Sunday, March 29, 2009

When God seems to be silent

Perhaps when God seems to be silent, it is not because nobody is speaking; perhaps it is because we are unable or unwilling to hear what is being said.

2 comments:

Felix said...

Glenn,



When I read your blog entries, I do not want to shed tears or write velvety-fluffy words. I do not know if you will understand me, but there are moments in life when one should only say the most important things, like in your case with the book – should I be able to finish it? Should I even start it? In the case of you and me it is whether we should discuss the weather, if it is not worth the time spent on its discussion. I wish to speak with you about purely manly things, not even Christian ones – like faith, hope, and church, which are also very important. I want to talk to you about courage, honor, audacity, betrayal, power, victories, dignity and duty, about loyalty in a fight, and again about courage. When I think about you – and pray of course – but your case stand for me a better example of medieval manhood than all the films about Patriots and Gladiators taken together. Our century dissolves the borders between men and women – they both now clicking the keyboards typing. And there was a time, when a man was the embodiment of courage, while women were still clicking the keyboards (all right, keeping the hearth). When I think about you I keep returning there in my mind’s eye. I do not know why.

You are giving me the example of courage that one gets from reading Ivanhoe or Rob Roy or any of the right books that we read in childhood.



Maybe it is all words and when the choice knocks on my door, I will forget about my heroes from whom I try to learn.



Many years ago I was young and stupid and tried to kill myself. I took some pills and fell asleep. I can still remember the feeling of fear that woke me. I awoke in a terrible fright of death. I wanted to shout – the parents were in the next room – but I could not. The pills stuck my throat I was unable to produce even a hoarse whisper. I was hissing and crawling away from the bed in which I was so afraid to die. Then I lay on the kitchen floor and hissed, but my cousin, who is a nurse and who was visiting with us then, went to pee at three am and found me on the floor. She saved me. But I can still remember the fear that got me up from the bed.



The amazing thing is that now, when the Father is taking care of me, I understand that He would not let me, the unsaved, go then, having a plan for me. And secondly, I will never again be able to be as afraid as I was then. I know what happened between the animal instinctive primal fear of death then and me today. Today I am afraid of only one thing – that something might happen to my children. The today me is not afraid of death.



Hold it, Felix, you should hold it, because we can say anything, but until the lot is cast, until it is time to go, we do not know what we are capable of. Just like the small hobbits that turned out more capable than the very tough Boromir.
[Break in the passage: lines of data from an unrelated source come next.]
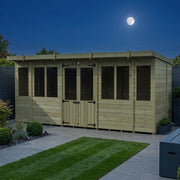 Total Sheds Pent Summer House Various Sizes Pressure Treated UK Manufactured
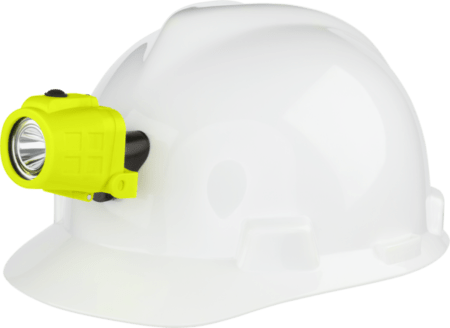 Intrinsically Safe Dual-Function Headlamp with Hard Hat Clip Flyer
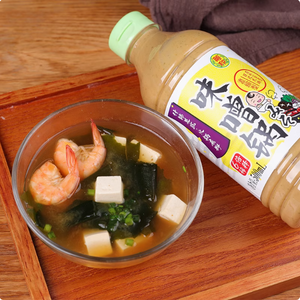 Ju Yin 1L Mezcla <span class=keywords><strong>de</strong></span> Frutas y <span class=keywords><strong>Verduras</strong></span> Sabor Miso Hotpot Base Condimento Japonés Olla Suave Picante Kombu <span class=keywords><strong>Sopa</strong></span> Botella Embalaje - Product Image 2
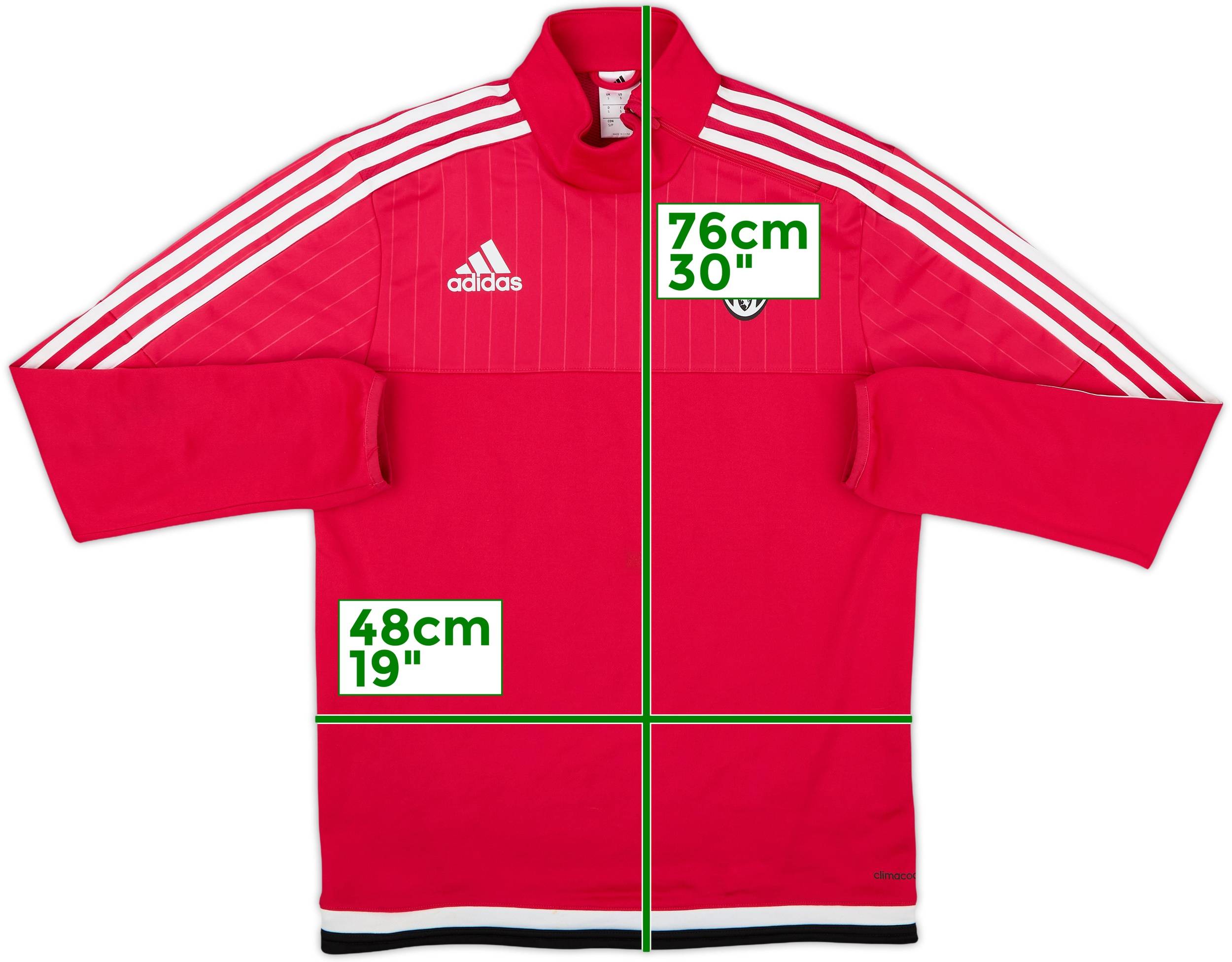 2015-16 Juventus adidas 1/4 Zip Drill Top - 8/10 - (S)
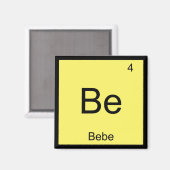 Bebe Name Chemistry Element Periodische Tabelle Magnet (Vorderseite/Rückseite)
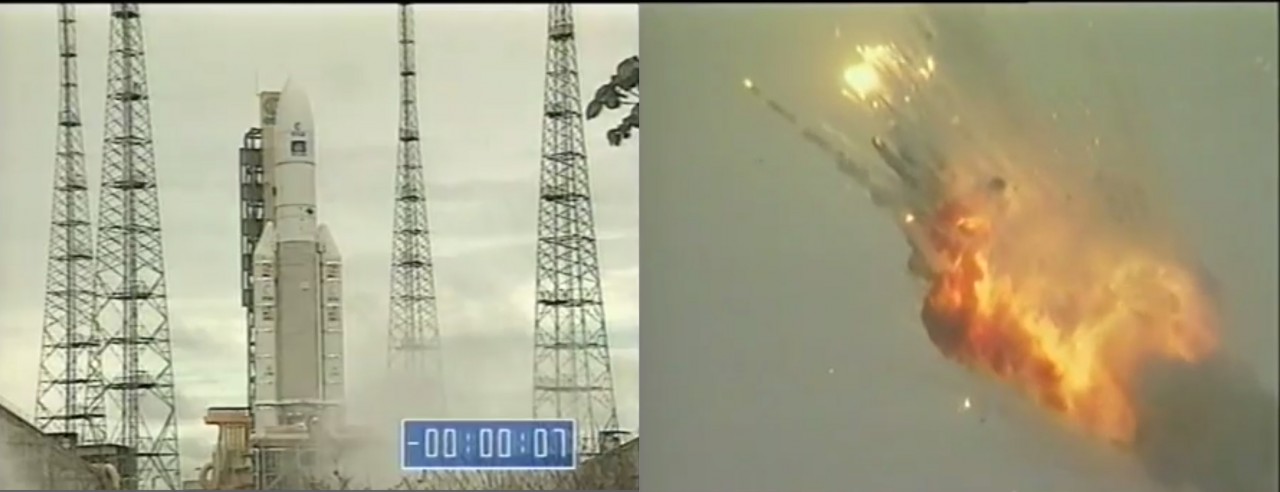 1 июня 1996. Взрыв Ariane 5. Авария ракеты-носителя «Ариан-5». Ракета Ariane 5. Ариан-5 ракета-носитель 1996.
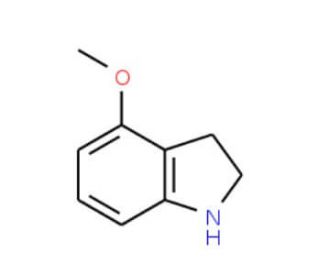 4-Methoxy-2,3-dihydro-1H-indole (CAS 7555-94-4) - chemical structure image
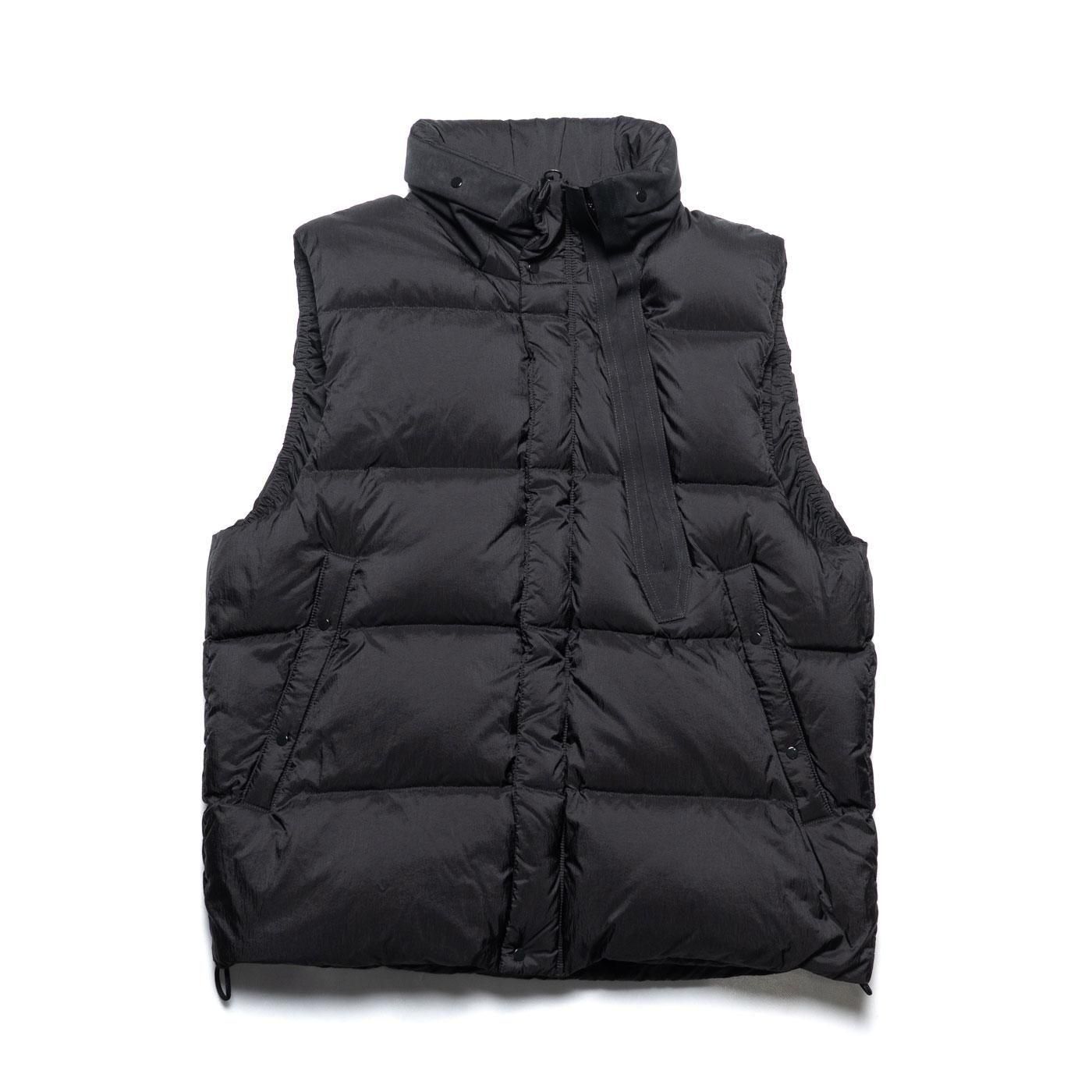 Ten-c * 25CTCUX03003 ANTARCTIC COMBO DOWN VEST * Black(999)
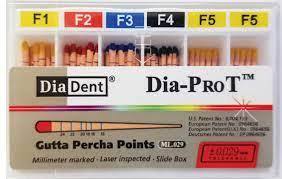 Dia-Pro T Gutta Percha Points F Series (Diadent)
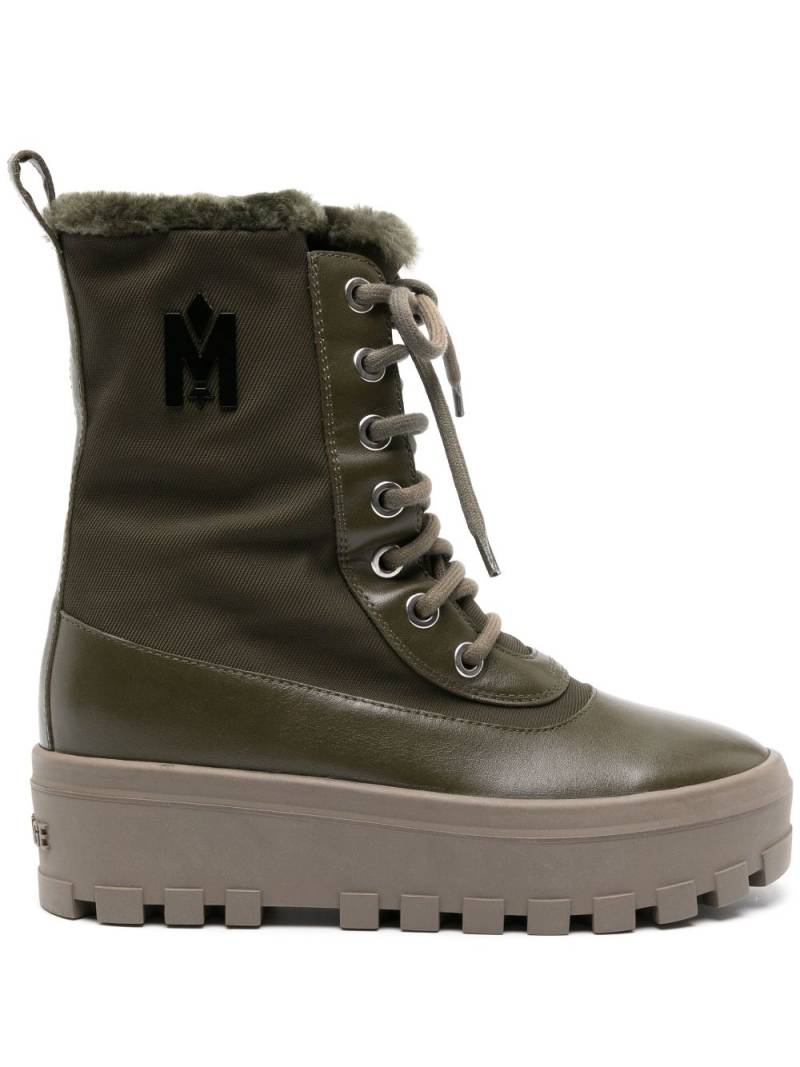 Mackage Hero-W shearling-lined ankle boots - Green von Mackage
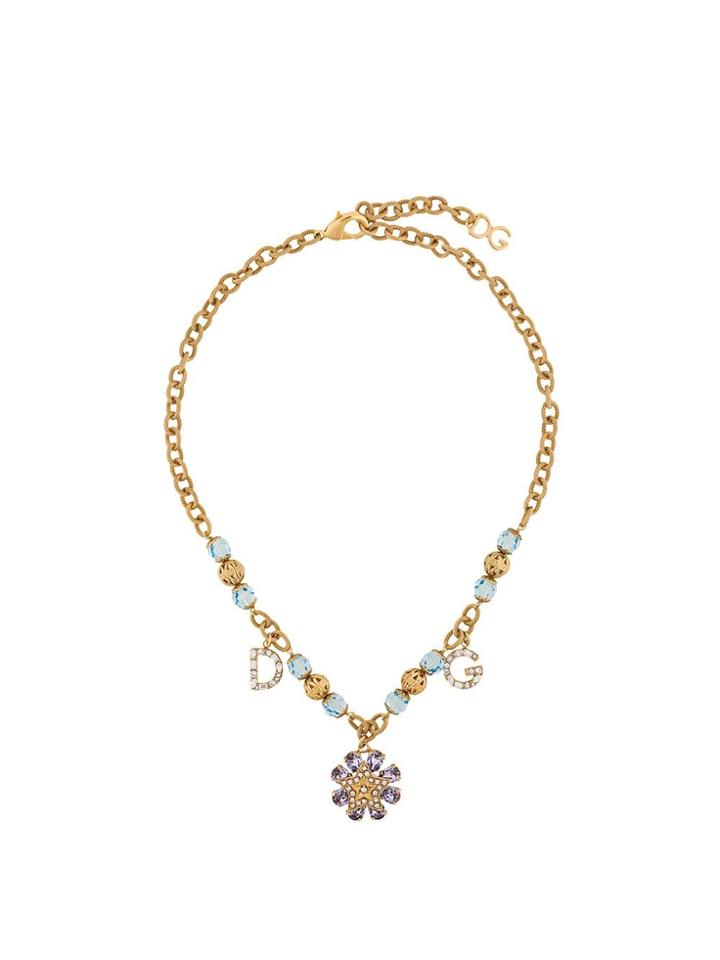Dolce & Gabbana Charm Necklace - Metallic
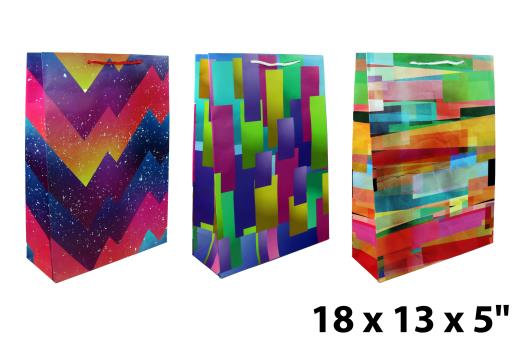 Jumbo Gift Bags ~ Bright Geometric-0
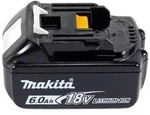 Makita DPO 600 G1 Akku Exzenterpolierer 18 V 150 mm XPT Brushless + 1x Akku 6,0...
Or like in the Power and Glory by Graham Greene, when the priest that was considered a wuss and an outcast by everyone appeared stronger than others when the deadly danger came.



Whatever, Glenn, I am not going to be all pink sugar, the more so I am not going to waste time on compliments. When I think about you, it reminds me of all the deepest book characters who formed me as a man, who instilled the sense of Motherland, the sense of fatherhood, the sense of fairness in me, all the senses that pertain to a real man – because you revived these senses in me.



All the things that got covered with white dust in everyday paperwork exercises conquer my heart again when I think of you. All my book heroes remained both in the books and in the heart. And although I was growing and forming together with them, I was never able to talk to them, to touch them. You became my hero, because you go to fight with the visor flipped up and the fair weapon and even though it might be the last fight, you still go, knowing that we look at your back, that we go behind you, knowing that by the way you fight this fight and go this road you will show us how we should go when it is our time to fight. Looking at you I will never again lie and hiss on the kitchen floor full of fear, expecting that someone will go to the bathroom and save me.



Glenn, man, I wish to shake your feeble hand!

Glenn Penner said...

My dear friend, Felix. I think it significant that I began my missionary career proper in Ukraine and it ended there as well. My love for your homeland and its people is undiminished and I thank you for your kind words.